Home | deutsch  | Legals | Sitemap | KIT

Advancement of the DFTB-method

The simulation of different processes in solids and biological systems gained more and more importance over the last decade. Efficient algorithms and powerful processors enable users to observe systems of hundreds of thousands of atoms for several microseconds. The challenge for researchers is to find a reasonable compromise between computational cost and the readily available information of a simulation. So-called ab-initio methods or the Density Functional Theory (DFT) allow the investigation of most system properties. But since they have solve Schrödinger's equation by the calculation of complex integrals, they are only available on a small scale. On the other hand there are very efficient molecular mechanics or force field methods. But since these are of empirical nature they cannot describe all properties of a system with sufficient accuracy.
Density Functional Tight Binding (DFTB) describes a class of approximative DFT methods [1, 2, 3]. Those are faster than ab-initio or DFT by up to three orders of magnitude through pre-calculated integrals (so they do not have to be computed on runtime). DFTB is known for its similarity to DFT theory which shows in the stability of simulations, especially in large biological systems [4]. Another benefit is that it is possible to calculate both molecular systems and solids with the same theory.
Future developments aim to correct shortcomings of DFTB in biochemical systems. A better understanding of structural and energetic information of supramolecular systems and non-binding interactions are the main goals of our research. The latter takes place in several cooperations with Asia, Amerika and, of course, Europe. Through these efforts we aim to promote the applicability of efficient quantum chemical methods in biological research and development.

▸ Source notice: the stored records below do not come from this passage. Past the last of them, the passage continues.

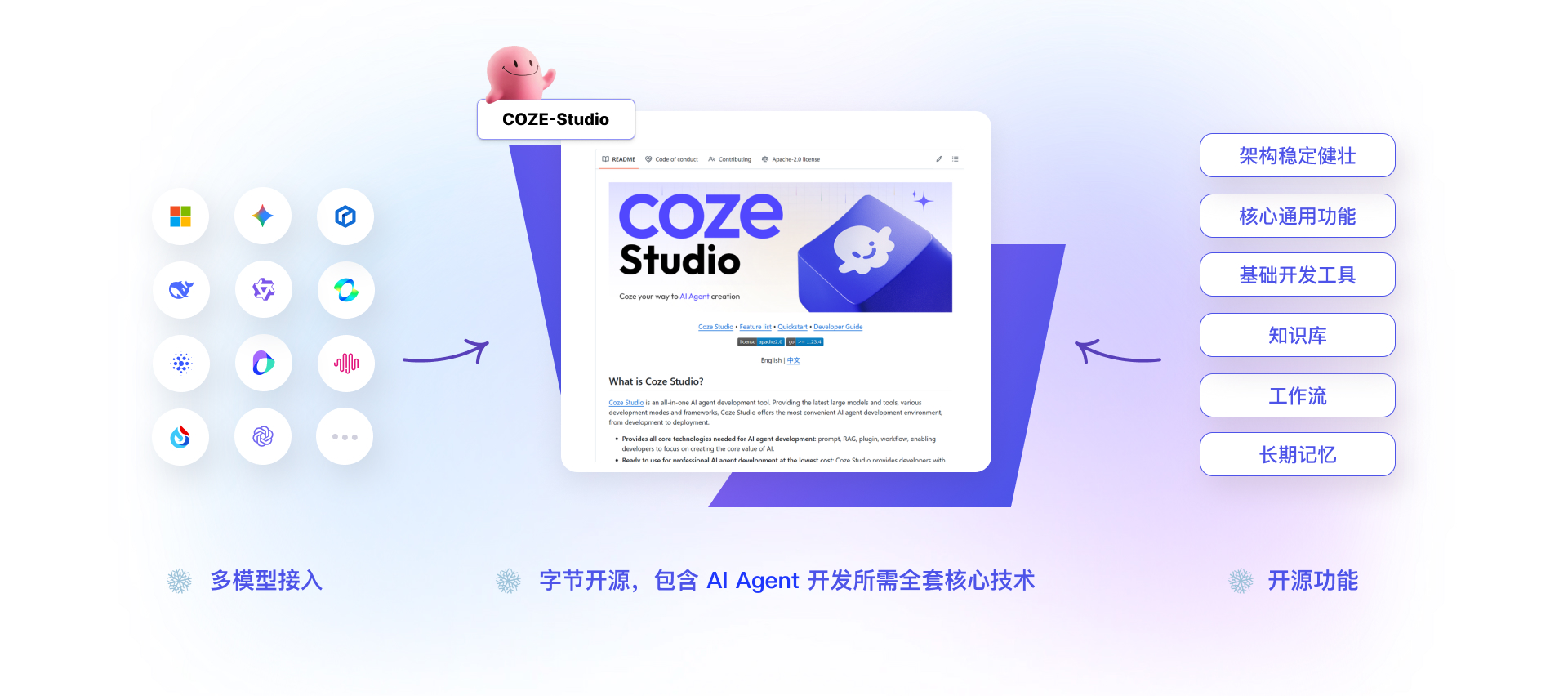 平台级核心架构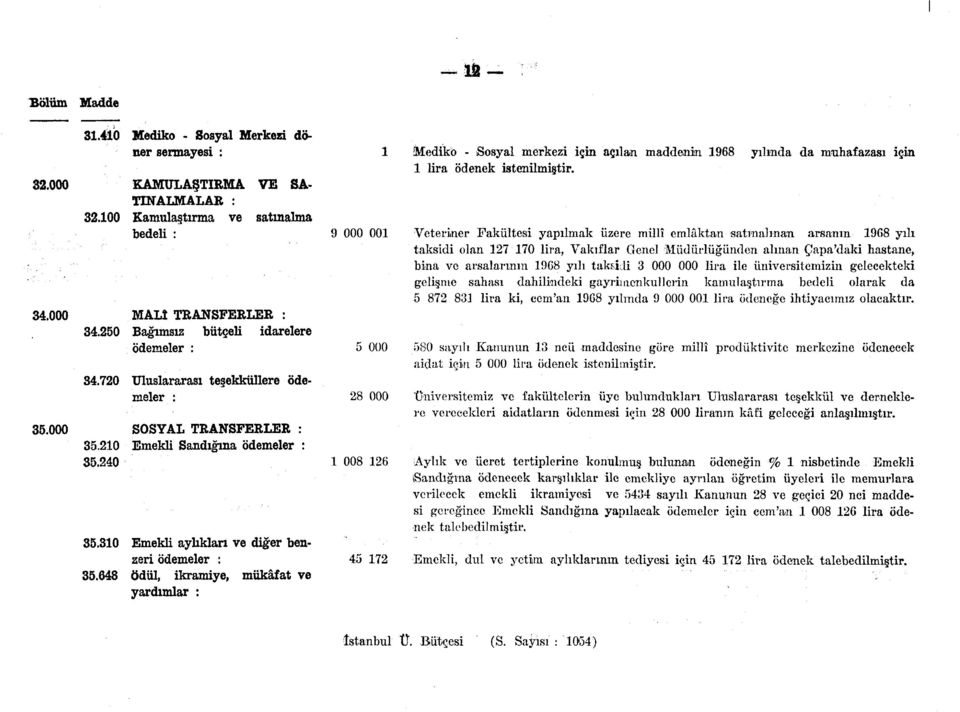 648 ödül, ikramiye, mükâfat ve yardımlar : 9 000 00 28 000 35.000 SOSYAL TRANSFERLER : 35.20 Emekli Sandığına ödemeler : 35.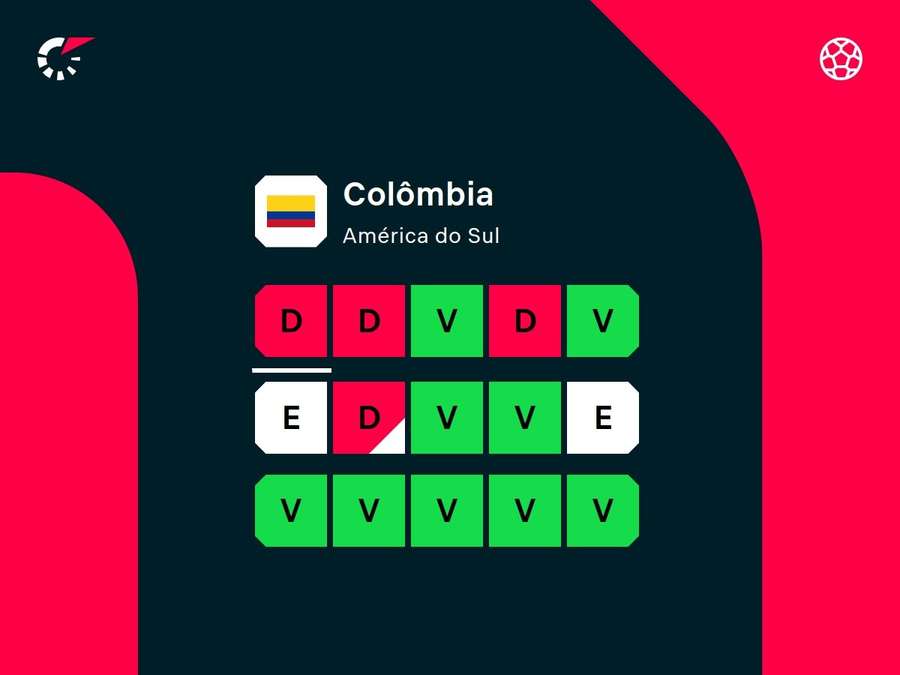 Colômbia chega de duas derrotas seguidas nas Eliminatórias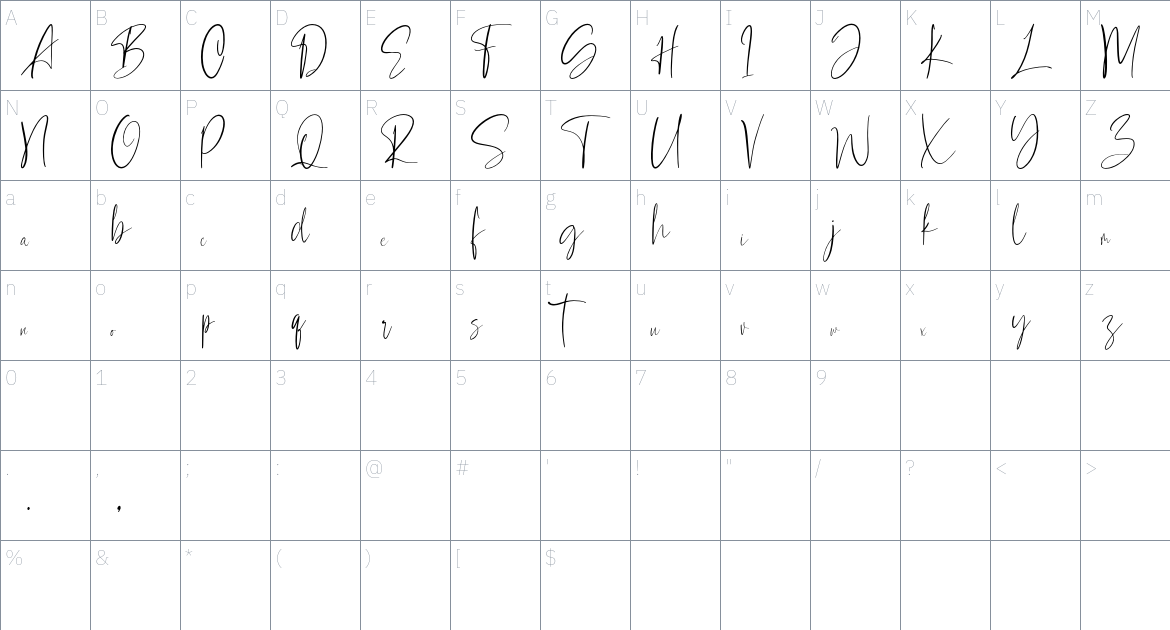 Contributor Font font Character Map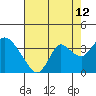 Tide chart for Threemile Slough, Sacramento River Delta, California on 2023/08/12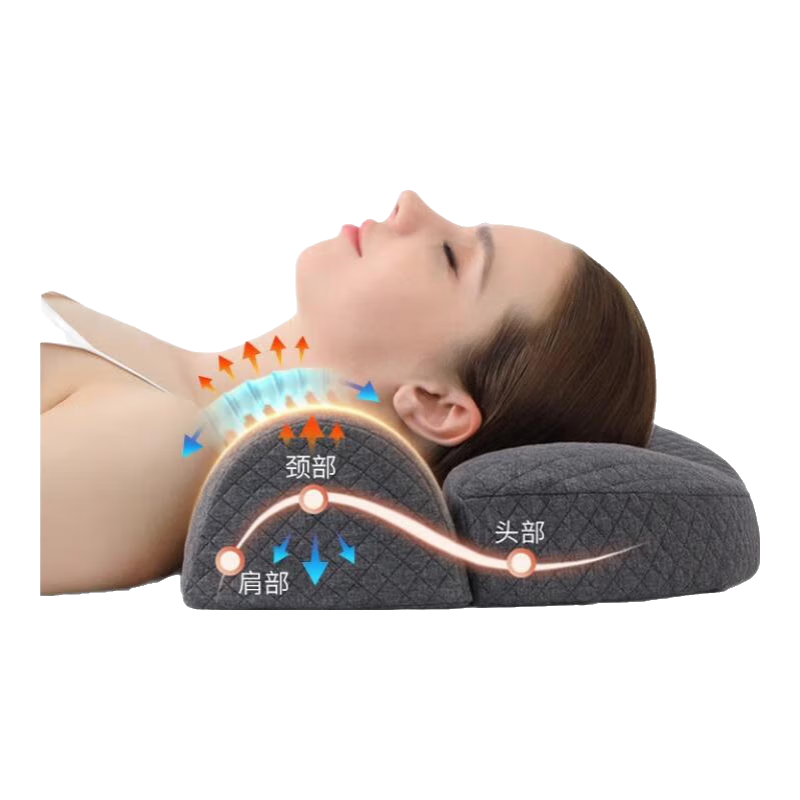 ���ڲ��������Ͻ�����ͷ��׵������˯��ר�û��������˯��Բ����׵�����幤ѧǣ���� �������ɫ ���������ص������� �����������/��Ӳ����/��׵���Ȼָ�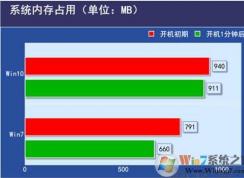 Win10和win7哪个吃硬件, 对配置要求高？
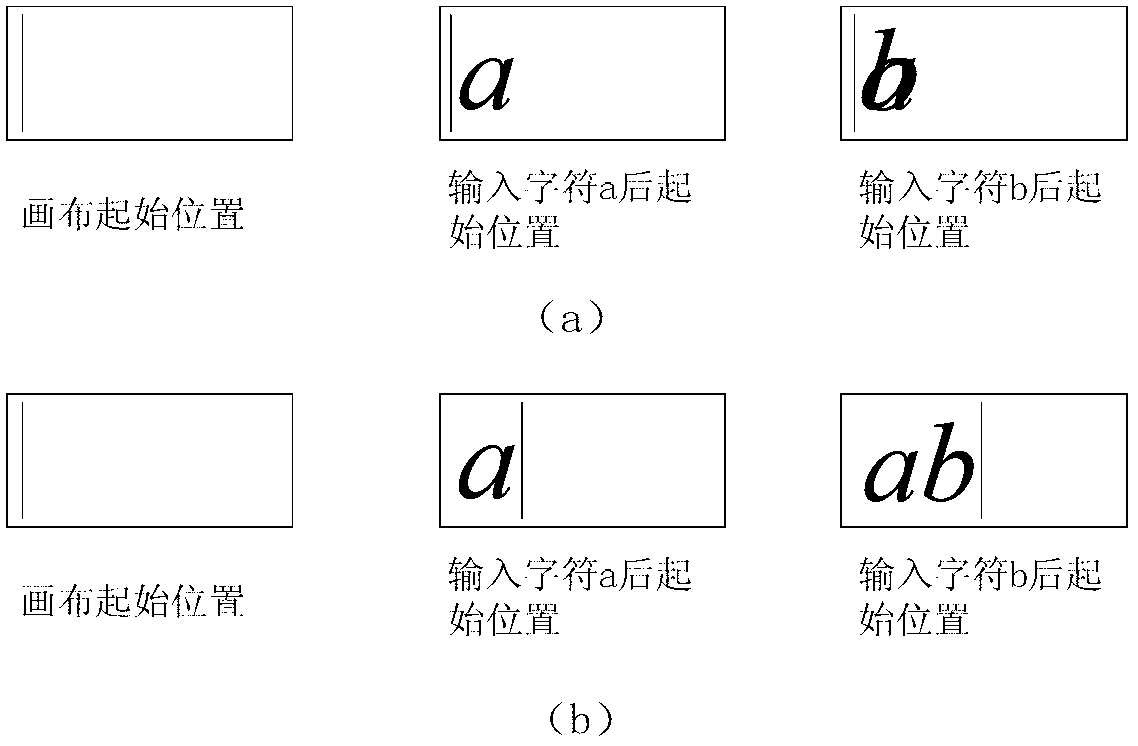 Mathematical formula display method and mathematical formula display system based on hypertext markup language (HTML) 5 canvas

To learn more about DFTB, visit:
http://www.dftb.org/
http://www.dftb-plus.info/

[1] D. Porezag, T. Frauenheim, T. Köhler, G. Seifert, and R. Kaschner Phys. Rev. B 51 (1995) 12947.
[2] M. Elstner, D. Porezag, G. Jungnickel, J. Elsner, M. Haugk, T. Frauenheim, S. Suhai, and G. Seifert Phys. Rev. B 58 (1998) 7260.
[3] M. Gaus, Q. Cui, and M. Elstner J. Chem. Theory Comput. 7 no. 4, (2011) 931.
[4] H. Liu, M. Elstner, E. Kaxiras, T. Frauenheim, J. Hermans, and W. Yang PROTEINS 44 (2001) 484.